A human logs in once and we trust the session. An agent acts thousands of times in a session and works through other agents that each need to know who they are talking to. So identity for agents has to be unique, so every action traces to one instance and nothing hides in a shared account. It has to be unforgeable, rooted in cryptographic material rather than a name in a log. And for anything touching production or reaching an external surface, it has to be anchored in hardware, so the proof cannot be copied off a compromised machine and replayed.
The failure most deployments walk into lives here, and it is the power to work through others turned against you. When one agent hands work to another, the receiver usually accepts the sender’s claim at face value. The message says it comes from the planning agent, so it is treated as the planning agent. That is identity by position, and position is not proof. In a system where agents act through each other, a self-asserted role is a costume, and trust handed to a costume is trust handed to whoever is wearing it. This is the seam an adversary’s agent slips through, because the third kind of agent does not break your identity layer from outside. It impersonates a trusted one from a place your system already believes.
Identity also decides where credentials live. An agent that holds its own credentials can spend them, lose them, or be tricked into reaching for the wrong ones. The stronger pattern keeps the agent out of the credential business entirely. A separate layer verifies the agent on the way in and connects it to what it is allowed to use on the way out, so the agent never handles the secret. The token an agent never holds is the token an attacker can never make it misuse. This is the practical shape of the AI trust broker, a verification layer between agents whose only job is to establish and keep checking that identity, integrity, and behavior are what they claim to be.
Layer Three: Least Agency Before Least Privilege
Least privilege asks what a system is allowed to access.
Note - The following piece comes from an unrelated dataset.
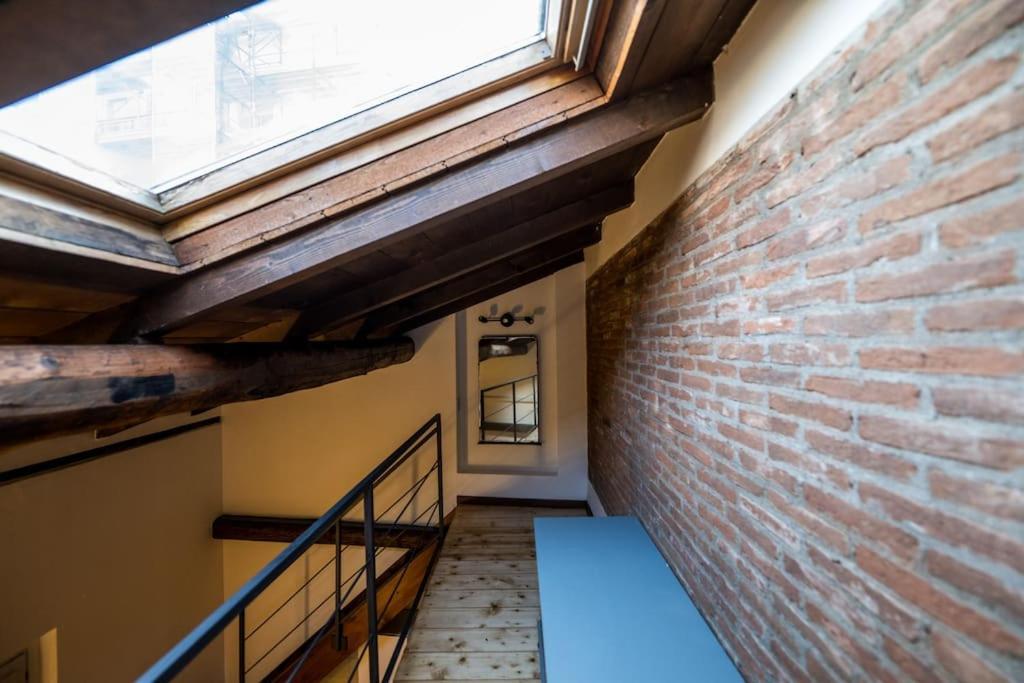 Wonderful Two Floors Apartment Milaan Buitenkant foto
It is necessary and no longer sufficient. The agentic question is what the agent can initiate, on its own, before anyone is in the loop.
An agent can have legitimate access to a database and no business deleting from it without approval. It can have permission to invoke a tool and no business chaining ten tool calls into a destructive workflow it assembled itself. Access was never the boundary that mattered for an actor that writes its own path. Autonomous authority is. I call this least agency, and it is the single most important boundary to get right in the agentic era. We must minimize not only what the system can reach, but what it can set in motion. This layer defends the power to decide and the power to change the world, the two that fuse at the moment an action becomes a consequence.
Least agency runs across the whole authority surface. Scope what an agent can do to the narrowest set its function needs, so a tool that reads cannot write. Scope when that authority applies, so power appears when a task needs it and disappears when the task ends, rather than standing open forever. Scope how far authority travels when one agent delegates to another, so a high-authority agent cannot pass its full reach to a worker meant to have a fraction of it. That last failure, authority leaking down a chain no one scoped, is the quietest danger in multi-agent systems, because the permission that does not follow the request down the chain is not a permission. It is a formality. The deepest form of least agency is to grant no standing power at all, only authority just in time, for one operation, scoped to one resource, for a short and defined duration, revoked automatically when the work is done. An attacker who compromises an agent built this way finds no cached power to steal.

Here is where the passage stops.